Yamaguchi Ken, Ichinohe Kanto, Iyadomi Mizuki, Fujiki Kazuya, Yoshinaga Yutaka, Egashira Ryoko, Nakazono Takahiko
Department of Radiology, Faculty of Medicine, Saga University, Saga, Saga, Japan.
Magn Reson Med Sci. 2025 Jul 1;24(3):315-331. doi: 10.2463/mrms.rev.2024-0158. Epub 2025 Mar 5.
The early detection and treatment of breast cancer is extremely important for extending patients' outcomes. Breast MRI has high sensitivity for the detection of breast cancer and plays an important role in breast cancer diagnosis and treatment, but conventional dynamic contrast-enhanced (DCE) MRI may be too time-consuming for breast cancer screening purposes. Abbreviated MRI is a technique that can be applied within a short time, as usually only the pre-contrast and first post-contrast images from the dynamic study or additional T2-weighted imaging are used. Abbreviated MRI may thus be suitable for breast cancer screening. In addition, its diagnostic performance for differentiating benign and malignant breast lesions is superior to that of breast tomosynthesis and comparable to that of conventional DCE MRI. The usefulness of abbreviated MRI for patients with a history of breast cancer and in clinical settings has been described, but the specificity of abbreviated DCE MRI is slightly lower than that of conventional DCE MRI. Ultrafast DCE MRI is a technique that obtains kinetic information by capturing multiple time phases in a short time scan in the very early phase after the injection of contrast material. Various parameters, including the maximum slope and time to enhancement can be used to evaluate kinetic information. Based on this kinetic information, ultrafast DCE MRI can differentiate between benign and malignant breast lesions. Since background parenchymal enhancement (BPE) is weak in the very early phase after a contrast media injection, ultrafast DCE MRI is also useful for identifying lesions in patients with marked BPE on conventional DCE MRI. In addition, ultrafast DCE MRI is useful for predicting the prognostic marker status of breast cancer, assessing the effectiveness of neoadjuvant therapy, examining MRI-detected lesions before surgery, and morphological assessments.

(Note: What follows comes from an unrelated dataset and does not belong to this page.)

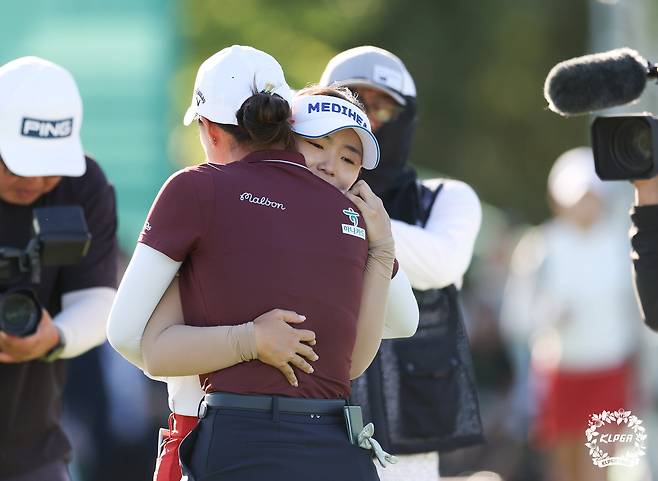 이다연이 21일 끝난 KLPGA 투어 하나금융그룹 챔피언십에서 연장전 끝에 우승을 확정지은 뒤 이민지와 포옹하고 있다. KLPGA 제공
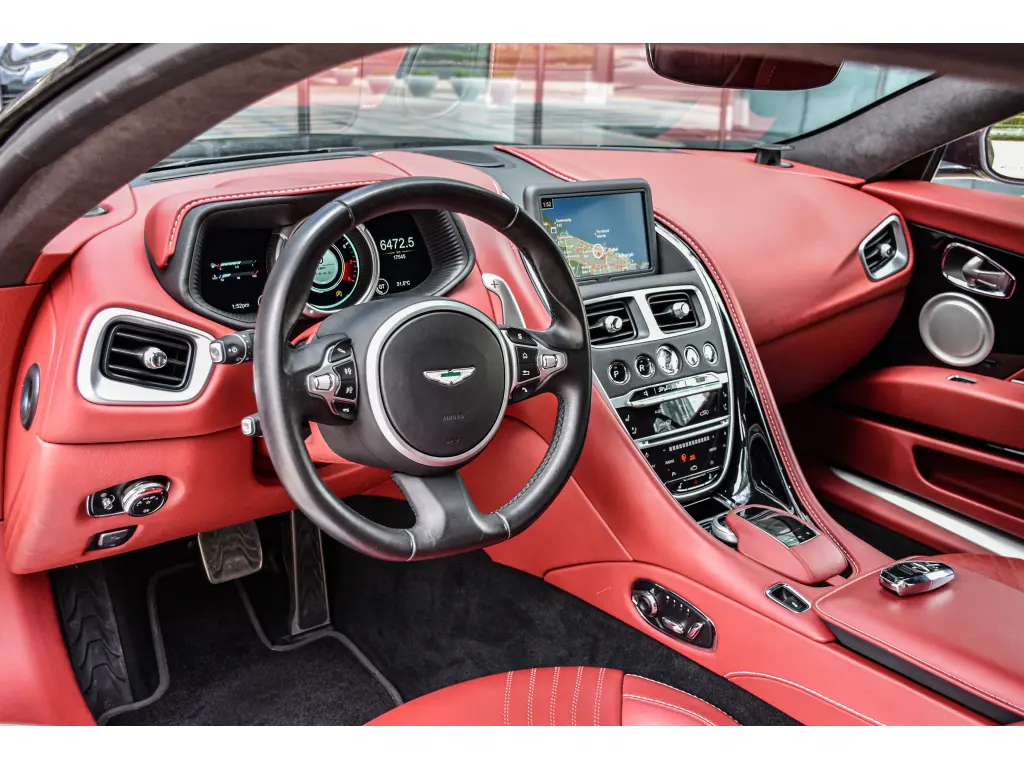 2017 DB11 V12 Coupe thumbnail vehicle image 2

乳腺癌的早期检测和治疗对于延长患者的预后极为重要。乳腺磁共振成像(MRI)对乳腺癌检测具有高灵敏度,在乳腺癌的诊断和治疗中发挥着重要作用,但传统的动态对比增强(DCE)MRI用于乳腺癌筛查可能耗时过长。简化MRI是一种可在短时间内应用的技术,通常仅使用动态研究的对比前和首次对比后图像或额外的T2加权成像。因此,简化MRI可能适用于乳腺癌筛查。此外,其鉴别乳腺良恶性病变的诊断性能优于乳腺断层合成,与传统DCE MRI相当。简化MRI在有乳腺癌病史的患者和临床环境中的实用性已有描述,但简化DCE MRI的特异性略低于传统DCE MRI。超快DCE MRI是一种在注射造影剂后的极早期通过短时间扫描捕获多个时间相来获取动力学信息的技术。包括最大斜率和强化时间在内的各种参数可用于评估动力学信息。基于此动力学信息,超快DCE MRI可区分乳腺良恶性病变。由于在注射造影剂后的极早期背景实质强化(BPE)较弱,超快DCE MRI对于在传统DCE MRI上有明显BPE的患者识别病变也很有用。此外,超快DCE MRI对于预测乳腺癌的预后标志物状态、评估新辅助治疗的有效性、术前检查MRI检测到的病变以及形态学评估也很有用。